REQUIREMENT: Starting at the line below that contains "1621 NW 13th" and ending at the line that contains "Grande antica applicazione pizzo e perline", retype each line exactly as it stands, but omit the pictures.

RECORDS SHOWN:
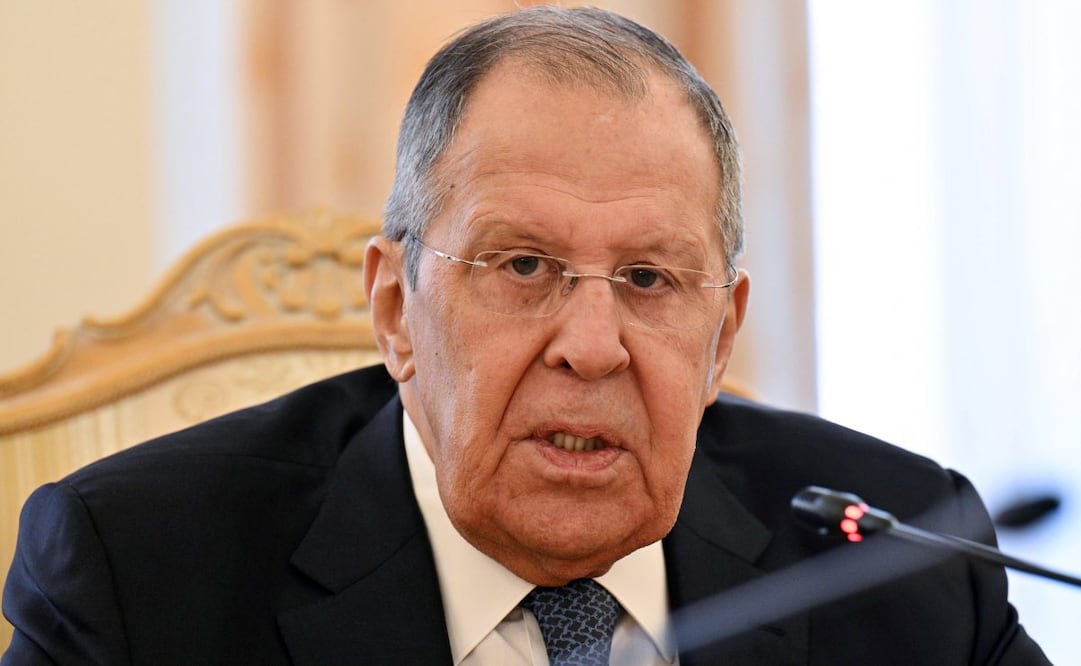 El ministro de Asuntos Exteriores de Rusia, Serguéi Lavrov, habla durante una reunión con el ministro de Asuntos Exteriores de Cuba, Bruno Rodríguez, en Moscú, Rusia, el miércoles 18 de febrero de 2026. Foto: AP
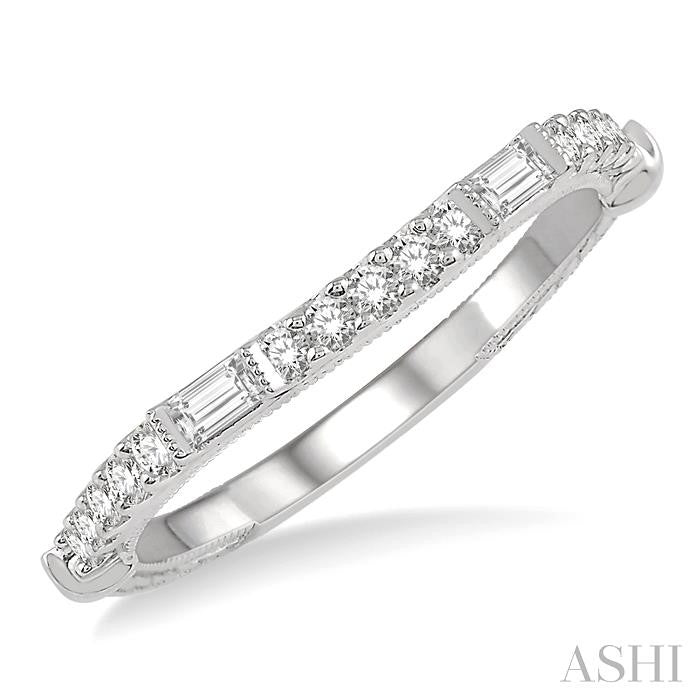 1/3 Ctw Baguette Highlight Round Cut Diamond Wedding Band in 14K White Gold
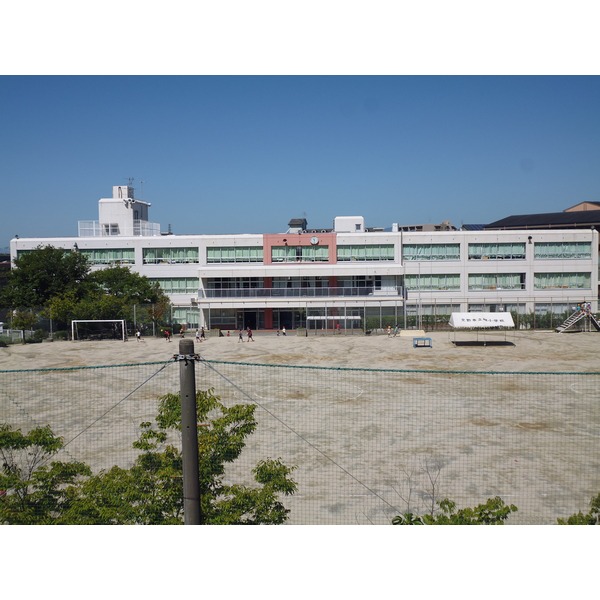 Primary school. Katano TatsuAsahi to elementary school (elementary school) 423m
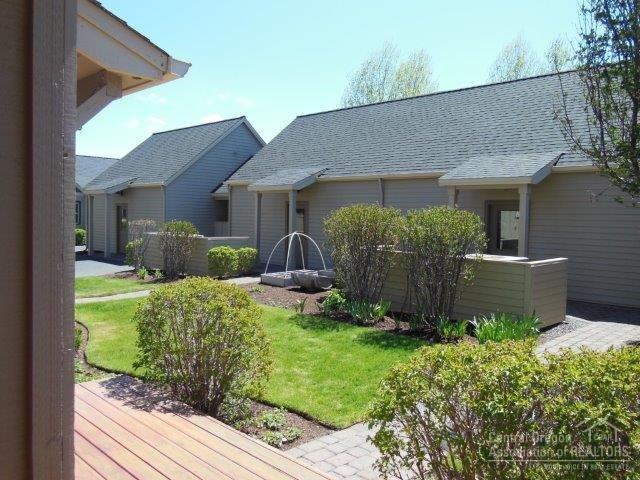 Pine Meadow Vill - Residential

---

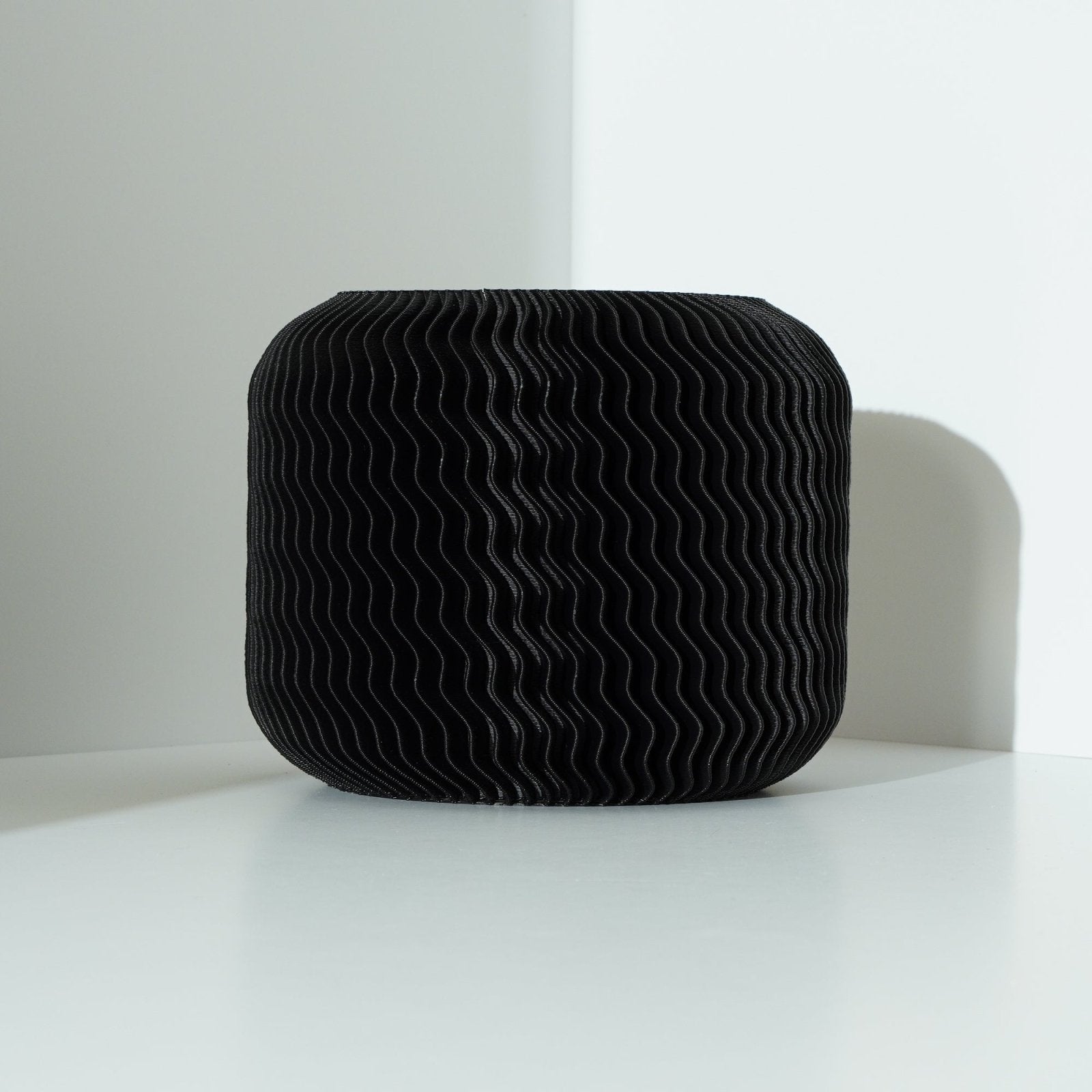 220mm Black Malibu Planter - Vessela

...

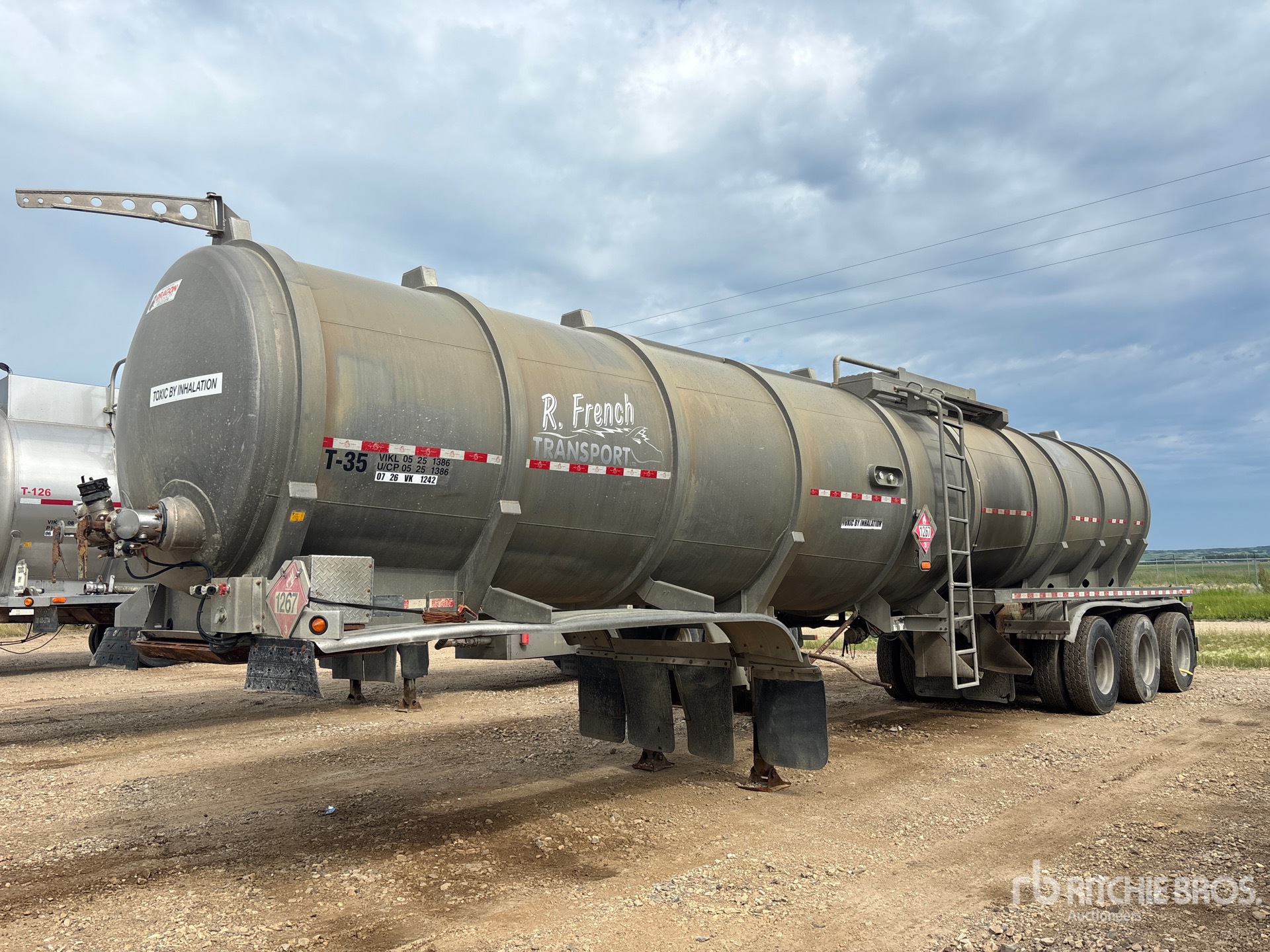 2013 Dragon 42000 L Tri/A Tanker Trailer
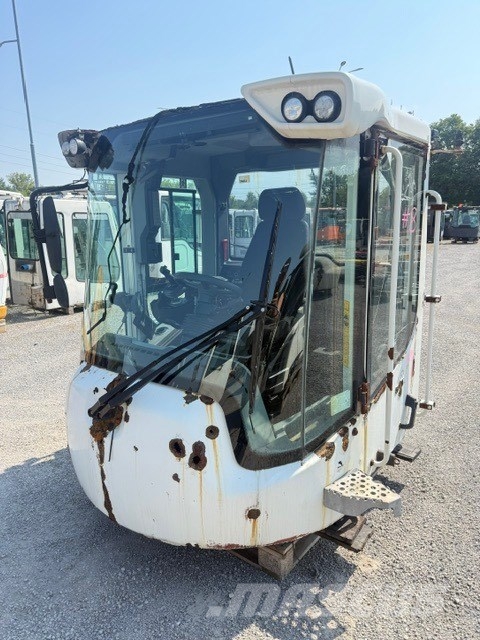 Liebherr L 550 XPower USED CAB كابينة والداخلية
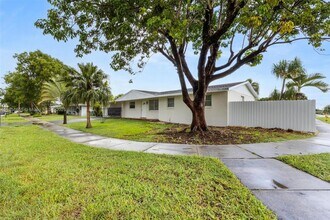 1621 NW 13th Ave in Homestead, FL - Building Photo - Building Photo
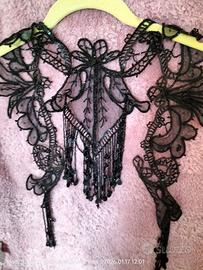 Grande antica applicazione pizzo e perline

TASK RESULT:
 1621 NW 13th Ave in Homestead, FL - Building Photo - Building Photo
 Grande antica applicazione pizzo e perline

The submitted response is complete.